L’Inde est le pays de la splendeur féminine. Il y a peu de civilisations, à part la chrétienne, qui ont à ce point encensé et célébré la figure de la féminité. Mais, alors qu’en Europe les belles dames du temps jadis ont laissé la place aux ménagères et "bunnies" de Play Boy, l’Inde a su préserver le respect dû à la femme, sans lequel, disait Tchekhov, nous ne sommes plus rien, y compris et surtout même sur le plan moral. Ce qui distingue en premier la femme indienne est la noblesse de son maintien et la splendeur de sa tenue vestimentaire. On se croit revenu, dans la rue ou n’importe quel restaurant, à l’époque de notre Moyen Age. C’est que toute femme est en Inde une déesse potentielle. Le panthéon indien fourmille de divinités féminines, manifestation constamment renouvelée de la vénération dont jouissent les femmes dans le subconscient indien. J’ai vu de jeunes sikhs dans un train, alors qu’ils allaient quitter non pas leur mère mais leur tante, ne cesser d’exprimer leur respect pour cette femme aux pieds de laquelle ils s’agenouillent pour baiser le sari. On est loin, très loin du manque incroyable de respect des "jeunes" d’aujourd’hui à l’égard des parents, irrespect d’autant plus répugnant qu’il est presque toujours mérité...

Le nord de l’Inde - la région peuplée par les vrais "Aryens", terme qui signifie d’abord "fidèle, noble" - est la terre d’élection des beautés du subcontinent.

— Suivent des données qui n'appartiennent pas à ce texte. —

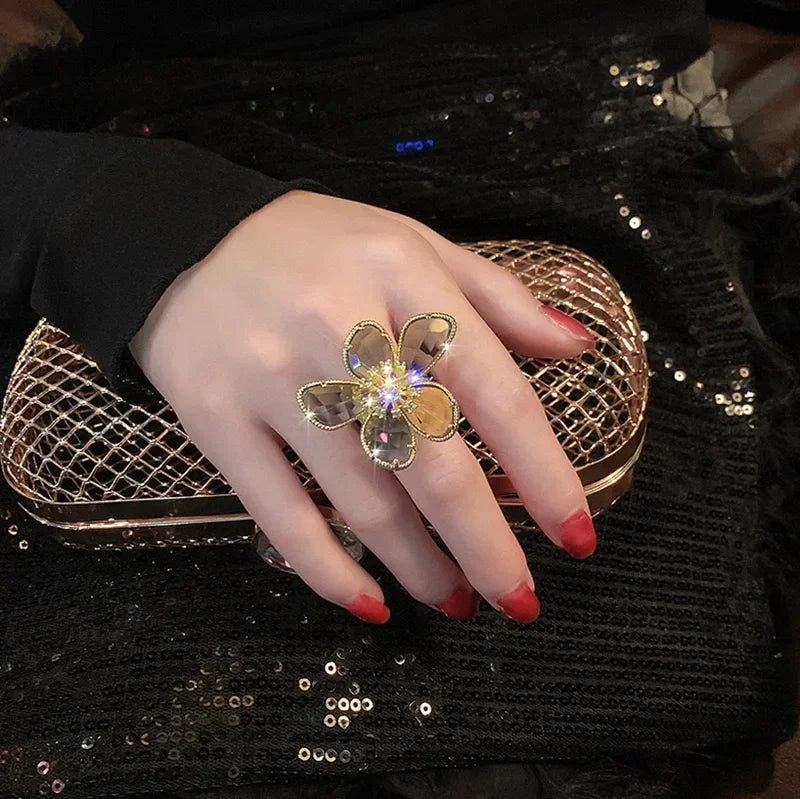 Fashion Elegant Crystal Flower Open Ring for Women 2024 New Luxury Wedding Party Jewelry Accessories Christmas Gifts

Même les jeunes filles ont ce maintien parfait si caractéristique de leurs mères que l’âge et l’empâtement ne viennent jamais altérer. A mille milliers de la pornocratie occidentale, de la prostitution de l’Asie jaune ou du mépris islamique, les femmes de l’Inde aryenne imposent le plus beau des droits de la femme, le droit au respect. Cela n’empêche d’ailleurs aucune de ces femmes de travailler et de vaquer à ses occupations, à ceci près qu’en Inde, à commencer par les hôtels, les femmes sont rarement en contact avec les Occidentaux. Le service est assuré par des hommes comme dans les restaurants. Cela n’empêche nullement le dialogue ; j’ai ainsi pu longuement parler avec la femme d’affaires sikh déjà évoquée, et qui était chef d’entreprise, à la tête d’un abattoir de poulets (et ce alors qu’elle est végétarienne).

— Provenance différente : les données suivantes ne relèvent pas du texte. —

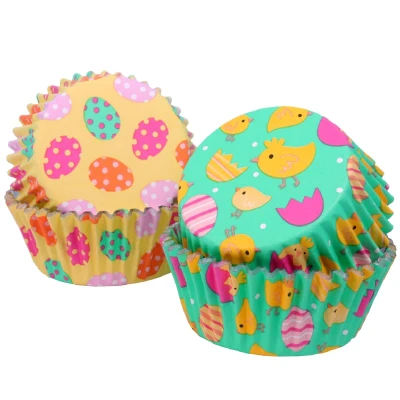 Afbeelding van PME 60 stuks cupcake vormpjes met aluminium voering, paaskuikens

Comme on le comprendra au fur et à mesure de ces chroniques, j’ai moins effectué un voyage "exotique" aux confins de l’Occident qu’un retour à nos racines : aussi n’est-ce pas un hasard si j’ai, concernant cet essentiel chapitre de la femme, évoqué le Moyen Age. On sait qu’à cette époque se développe, sous l’impulsion de saint Bernard, le culte de la Vierge et l’amour Courtois. Cet amour courtois est destiné à donner une force productrice et un but au chevalier ; la femme est, pour parler comme les Indiens, la "shakti" ou "dunamis" aristotélicienne. Source de la vie, la femme est aussi fontaine de force et de volonté. Un autre élément à prendre en compte est celui de la dépendance des chevaliers médiévaux par rapport aux femmes ; c’est que leur nature est "rajasique", soumise à l’impulsion et à l’action, à l’intuition féminine en somme. Enfin, on peut indiquer que la "Madona intelligenza" de Dante trouve son équivalent dans le terme sanscrit de "Buddhi". On a vite constaté, au travers de quelques discussions, que les Indiens ont préservé dans ce domaine comme en bien d’autres, ce que nous avons perdu. Le royaume supposé du prêtre Jean était sans doute destiné à nous redonner un reflet, une image platonicienne de notre splendeur, de notre tradition perdue.